====== Task input
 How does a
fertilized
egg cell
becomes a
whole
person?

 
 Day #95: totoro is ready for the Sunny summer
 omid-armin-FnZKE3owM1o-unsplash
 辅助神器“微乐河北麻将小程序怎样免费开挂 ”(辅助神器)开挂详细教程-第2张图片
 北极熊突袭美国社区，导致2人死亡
============
====== Task input
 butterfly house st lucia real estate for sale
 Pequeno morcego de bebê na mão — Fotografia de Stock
============
====== Task input
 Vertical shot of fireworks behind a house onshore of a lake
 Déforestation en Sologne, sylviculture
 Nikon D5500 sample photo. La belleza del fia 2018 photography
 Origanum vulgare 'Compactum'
============
- [Task directions] Using the data above, transcribe the lines that run from the line with "Nikon D5500 sample" to the line with "Origanum vulgare 'Compactum'", both ends kept, and output nothing else.

- [Result of this exercise]
 Nikon D5500 sample photo. La belleza del fia 2018 photography
 Origanum vulgare 'Compactum'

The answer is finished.